To reach remote bases along the Helmand river, supply convoys are obliged to drive for days through Taliban-held territory, dodging IEDs, mortar fire and ambushes. 

“Every time you step outside the wire everyone is a target,” said Lieutenant-Colonel Martin Moore, commanding officer of 10 the Queen’s Own Gurkha Logistic Regiment. “We use helicopters but certain commodities just have to go by road.” 

Military convoys with up to 200 vehicles can stretch for six miles as they trundle along, kicking up dust and sand clouds. Afghan security companies often attach their lorries to British convoys for protection. 

The convoys travel through a stretch of sand and shale that at times narrows to less than half a mile, allowing the Taliban to scatter mines across the route. 

Last month I joined a convoy from Camp Bastion retracing the route of an October convoy to Sangin and its nearby forward operating bases that had become the most heavily fought over in recent times. The Taliban laid clusters of mines to block our progress but two strikes did little to hinder us and an ambush outside Sangin felt like a formality compared with the fighting in October. 

Then 70 lorries — heavy equipment transporters, fuel tankers, lightly armoured Land Rovers and heavily armoured Mastiffs — had set off to resupply troops in Sangin with 400 tons of stores, rations and ammunition. The route, equivalent to driving from London to Brighton and back, took the Gurkhas eight days. 

British commanders decided to attach 50 Afghan lorries carrying wheat seed to the convoy. The seed is vital to the counter-narcotics campaign in Helmand. At the last minute another 60 lorries, protected by Watan Risk Management, the Afghan security contractor, tagged onto the rear. 

Travelling at night to avoid the risk of suicide bombers, the convoy first roared through Gereshk, a town that straddles Highway 1. Then, after a rendezvous with the civilian convoys, all 200 vehicles broke off into the desert. 

A squadron of Viking armoured vehicles from the 2nd Royal Tank Regiment pushed ahead to disrupt insurgents before they had time to lay ambushes and mines. Helicopters, drones and fighter jets prepared to attack Taliban positions. 

However, it took six hours to navigate 2Å miles of desert as the Afghan lorries became stuck in the fine sand. As more vehicles got bogged down, the Taliban attacked the civilian lorries with mortars and rocket-propelled grenades. 

“We don’t want to become decisively engaged with the enemy, it’s not what we’re equipped for,” said Major Patch Reehal, officer commanding 28 Squadron, as he described “one of the most gruelling logistic operations in modern military history”. 

Taliban scouts on motorbikes shadowed the convoy, relaying messages to commanders as the lorries lumbered along. 

As the Gurkhas approached the village of Hyderabad, the Taliban launched a second attack, firing 82mm mortar rounds.
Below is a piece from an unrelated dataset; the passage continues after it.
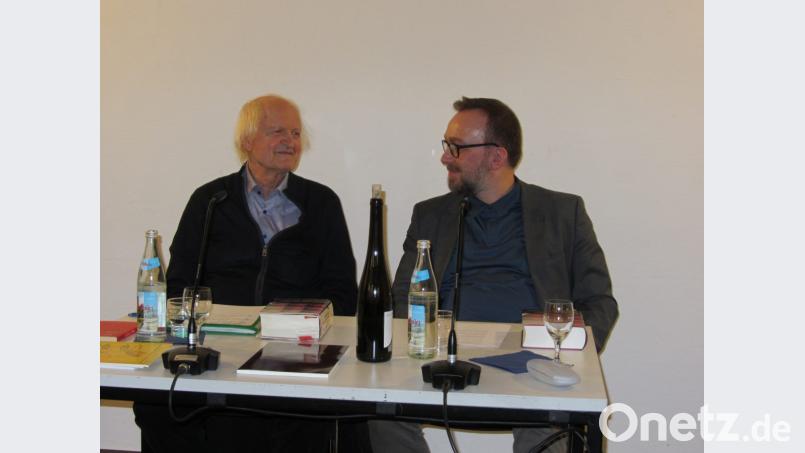 In familiär-geselliger Atmosphäre übergab Herausgeber Jürgen Link (links) das Archiv seiner &quot;kultuRRevolution&quot; an den wissenschaftlichen Leiter des Literaturarchivs Sulzbach-Rosenberg, Michael Peter Hehl. Bild: aks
Some landed just 20 yards from the convoy. As evening fell the Afghan drivers refused to go any further, forcing the soldiers to pitch camp. 

At first light the Gurkhas set off again. Almost immediately mines destroyed two civilian lorries. The convoy had driven into a freshly sown minefield. A bomb disposal team, led by Staff Sergeant Olaf Schmid, who was killed weeks later, flew in from Sangin to clear the mines. It took most of the day and night to secure a route as the mortar fire continued. 
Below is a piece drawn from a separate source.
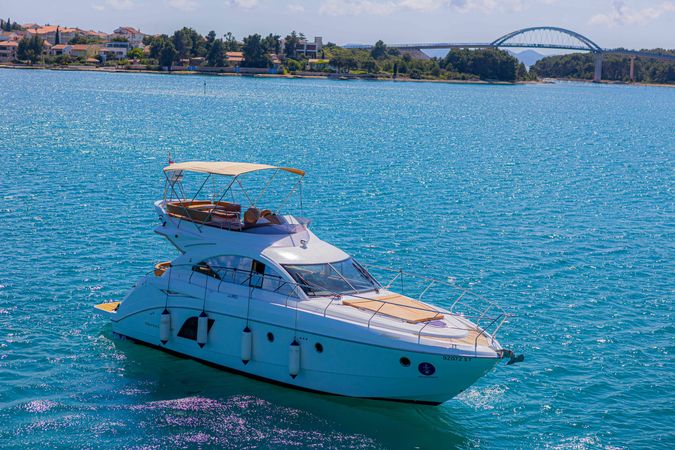 Beneteau Monte Carlo 47 Fly | Lamona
Meanwhile, soldiers from the 2nd Battalion, the Rifles who had spent days guarding the convoy’s route into Forward Operating Base Inkerman, north of Sangin, were under sustained attack. Reehal sent half his force protection team to relieve the pressure on them. 

As the rest of the convoy entered the green zone, another mine smashed the front of a heavy transporter and a second struck a Mastiff sent to recover it. The patrol moved slowly along an unlit section of Route 611. The Taliban unleashed another ambush from the mud compounds lining the track. A rocket-propelled grenade flew over the head of Reehal as he manned the top gun. His forward air controller broke his collarbone as he dived for cover. 

Bullets ricocheted off the side of the major’s armoured vehicle. The Gurkhas swung their machineguns towards the muzzle flashes, loosing off round after round as flares illuminated the night sky. It took 30 minutes for the convoy to reach the safety of Forward Operating Base Jackson. 

“The wheat seed got through, so strategically the operation had been a success. The enemy had lost face so they wanted to harass us on the return leg,” said Reehal. 

Taliban scouts watched the patrol as it moved back towards the safety of Camp Bastion. 

The Watan company lost 21 lorries, 10 of its drivers were killed and four were missing. After one ambush with rockets and mines, Lieutenant Andy Thackway, a convoy protection commander, said: “That is the closest contact I’ve ever had with the enemy in all my time. 

“This isn’t the unusual situation it would have been a few months ago — this is just kind of: oh well, we’re stuck in the middle of the desert — let’s get the Bombay mix out.”


----------